-- Opening Marker --
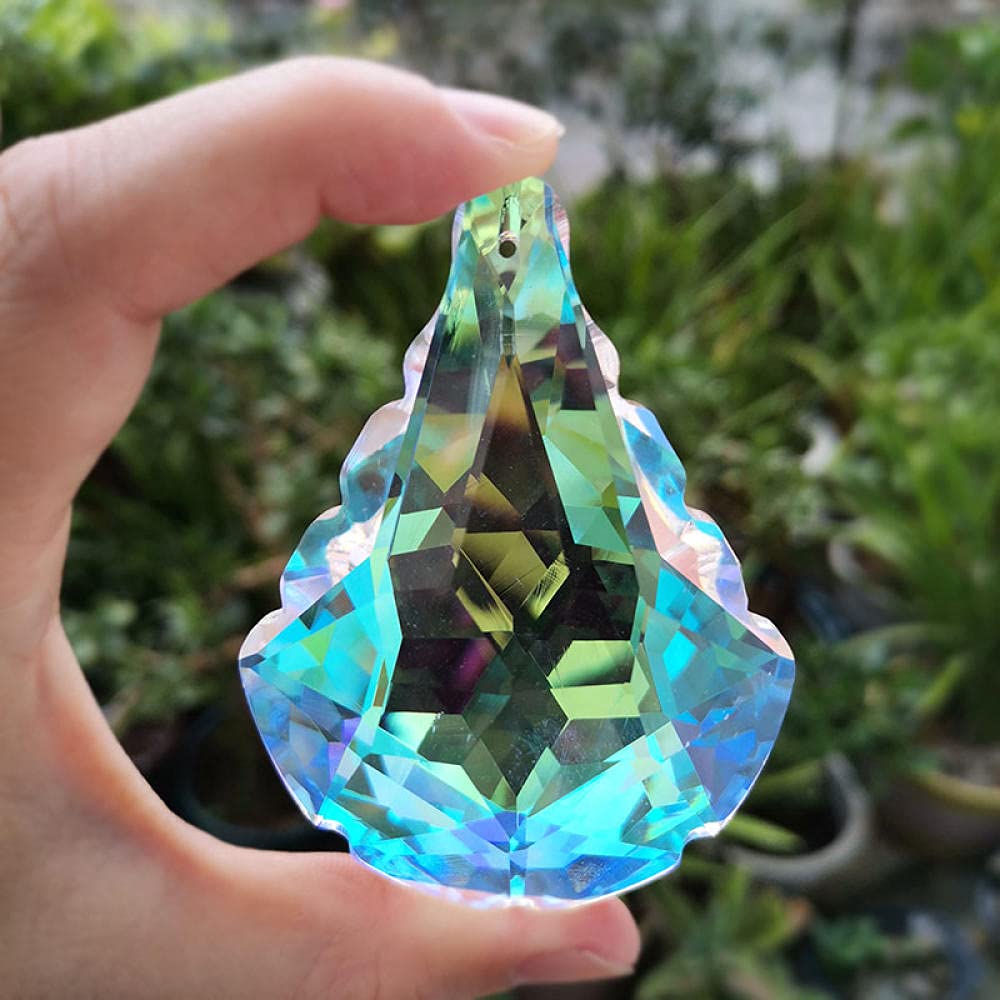 10 Pendentifs Cristal Arc-en-Ciel TOVINANNA - Ornement Lustre Suspendu Verre Transparent 3,8cm - Décoration Lumière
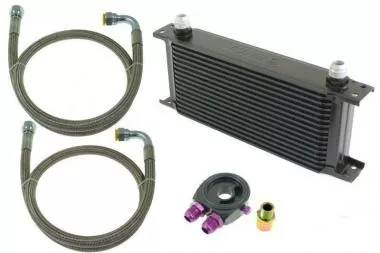 Oil Cooler Kit 9-rows 260x70x50 AN10 black - CN-OC-005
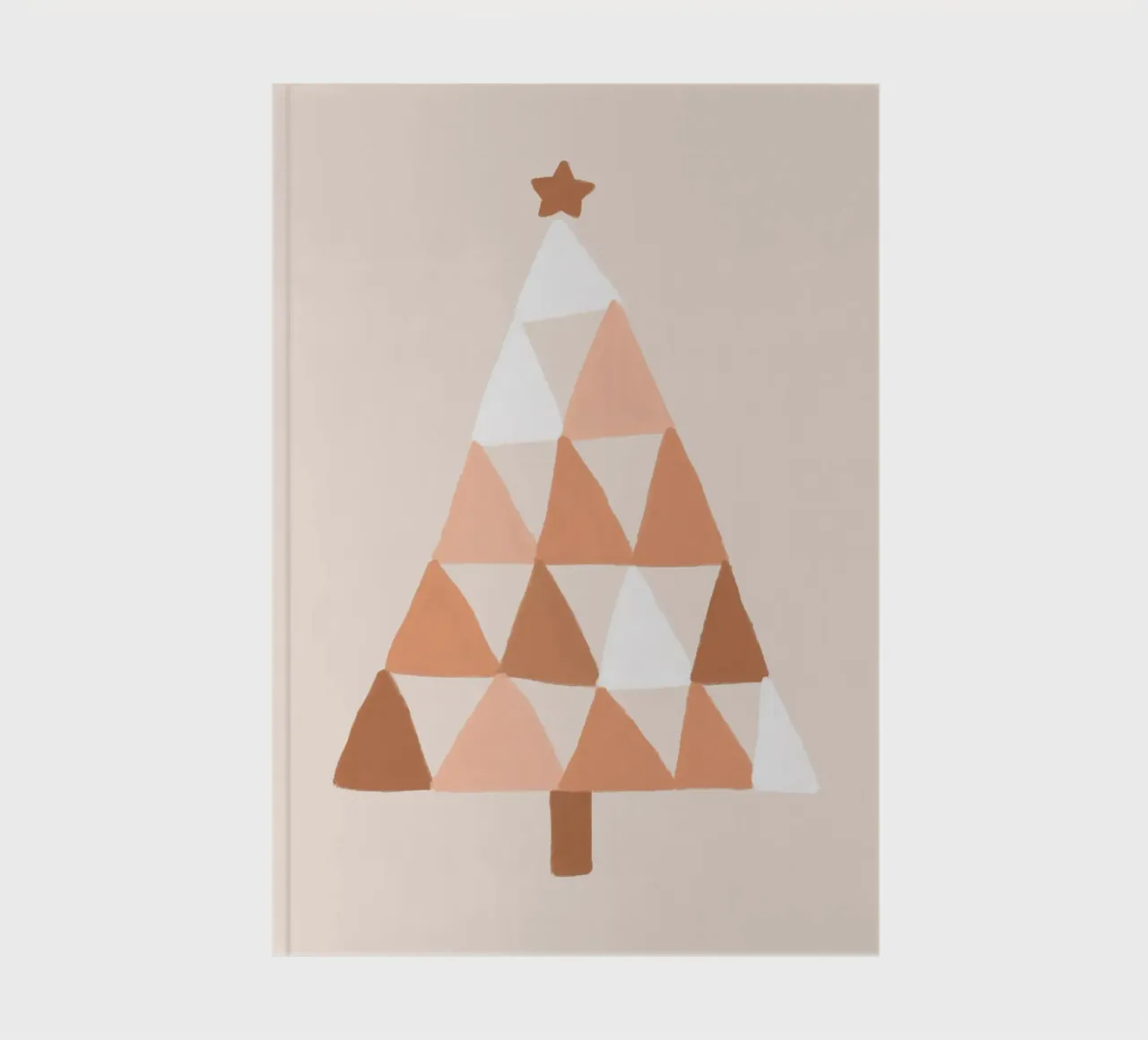 Blush Pastel Christmas Tree notebook by Orara Studio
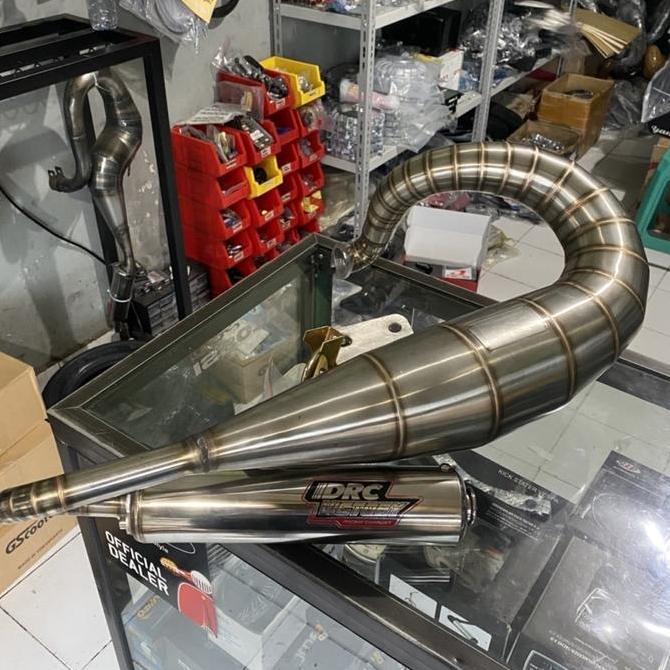 GRADIMOU knalpot racing drc victory stainless vespa smallframe pts special dll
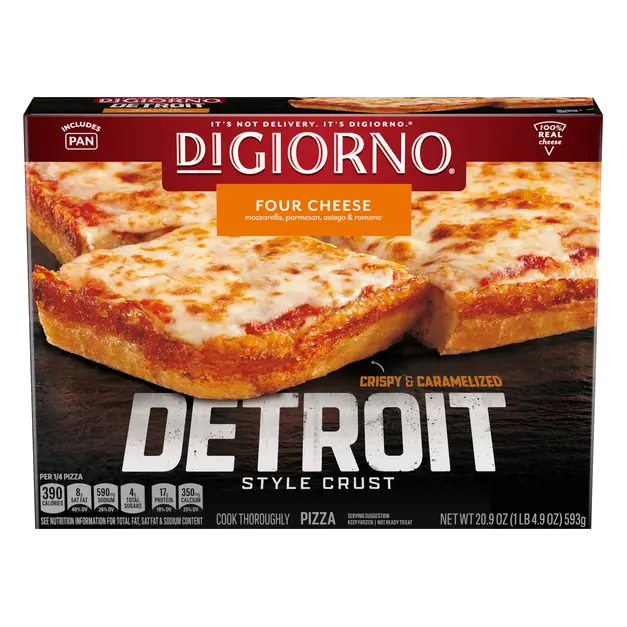 Detroit Style Crust Four Cheese Pizza Frozen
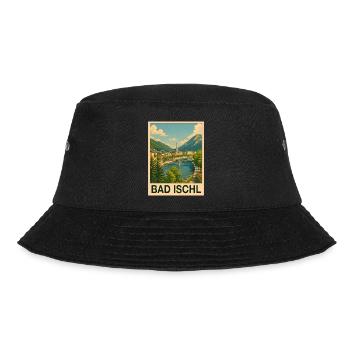Bad Ischl, Austria - Bucket Hat - black - Front - Lela (165cm)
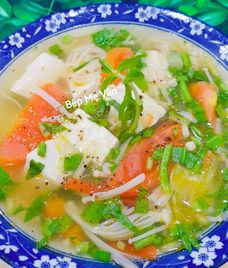 canh chua nấm chay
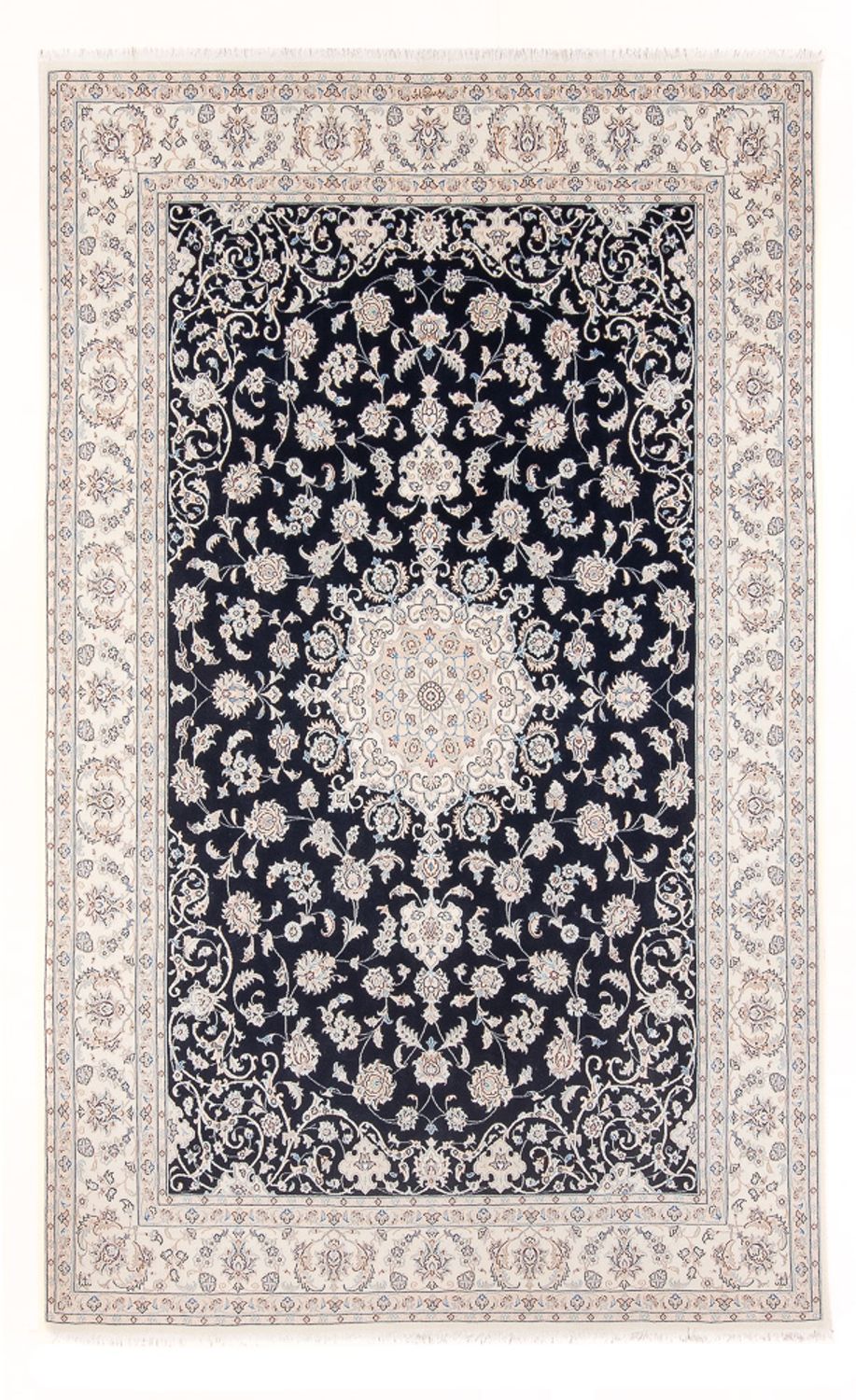 Perserteppich - Nain - Premium - 301 x 202 cm - dunkelblau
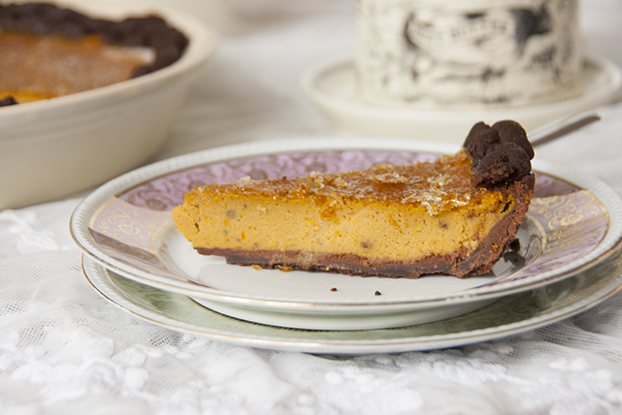 Creme Brulee Kurbistarte Vanillakitchen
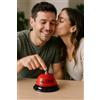 MF Ring for a Kiss - Campanello da tavolo, colore: rosso/nero, diametro 8,5 cm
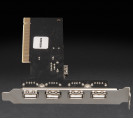 Плата расширения Frime PCI to USB2.0 (4+1 порты) VT6212 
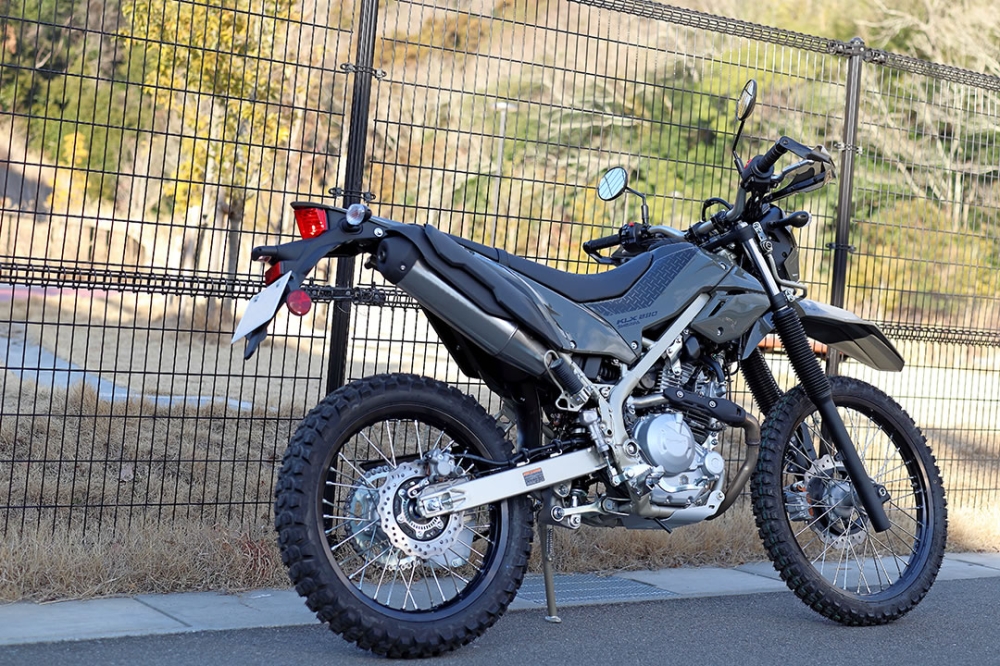 KLX230シェルパ リアビュー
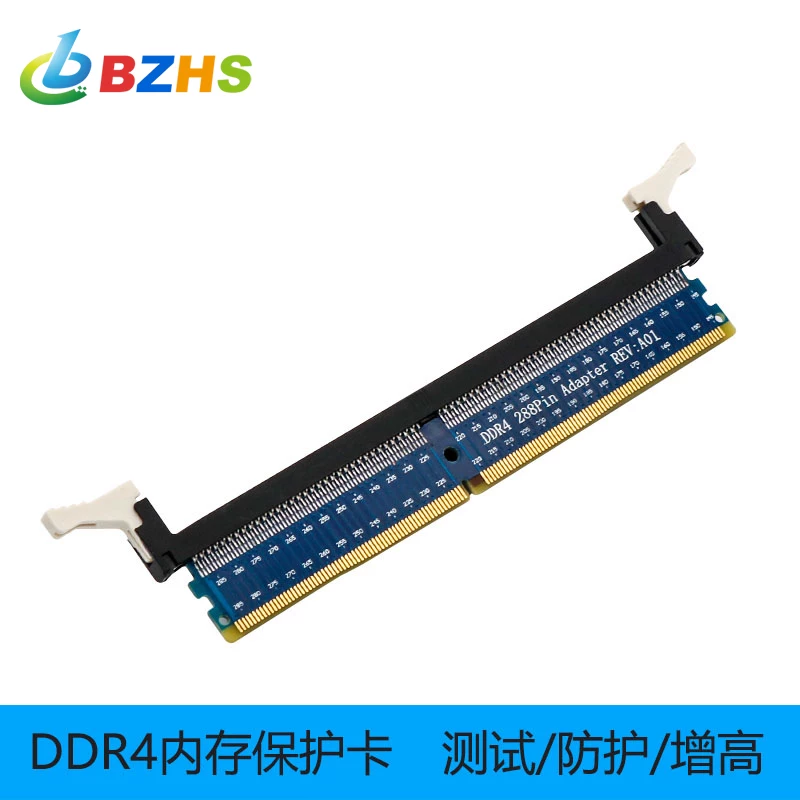 Thẻ bảo vệ kiểm tra bộ nhớ máy tính để bàn DDR4 nâng cấp, đầu nối dài, bộ chuyển đổi mô-đun bộ nhớ, thẻ bảo vệ kiểm tra bộ nhớ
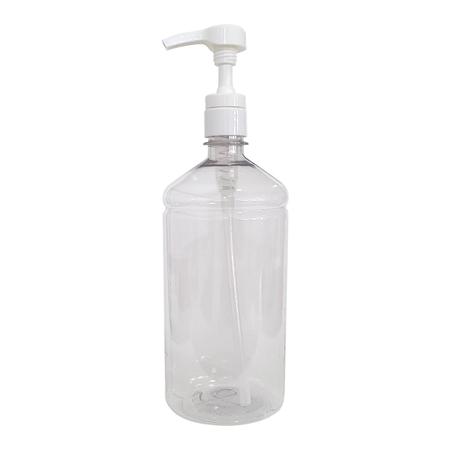 Imagem de 4 Frascos 1000ml Para Álcool Gel Válvula Pump Profissional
-- Closing Marker --
[What is needed]
Strip the images and return the remaining data exactly.

[Response below]
 10 Pendentifs Cristal Arc-en-Ciel TOVINANNA - Ornement Lustre Suspendu Verre Transparent 3,8cm - Décoration Lumière
 Oil Cooler Kit 9-rows 260x70x50 AN10 black - CN-OC-005
 Blush Pastel Christmas Tree notebook by Orara Studio
 GRADIMOU knalpot racing drc victory stainless vespa smallframe pts special dll
 Detroit Style Crust Four Cheese Pizza Frozen
Bad Ischl, Austria - Bucket Hat - black - Front - Lela (165cm)
 canh chua nấm chay
 Perserteppich - Nain - Premium - 301 x 202 cm - dunkelblau
 Creme Brulee Kurbistarte Vanillakitchen
 MF Ring for a Kiss - Campanello da tavolo, colore: rosso/nero, diametro 8,5 cm
 Плата расширения Frime PCI to USB2.0 (4+1 порты) VT6212 
 KLX230シェルパ リアビュー
 Thẻ bảo vệ kiểm tra bộ nhớ máy tính để bàn DDR4 nâng cấp, đầu nối dài, bộ chuyển đổi mô-đun bộ nhớ, thẻ bảo vệ kiểm tra bộ nhớ
 Imagem de 4 Frascos 1000ml Para Álcool Gel Válvula Pump Profissional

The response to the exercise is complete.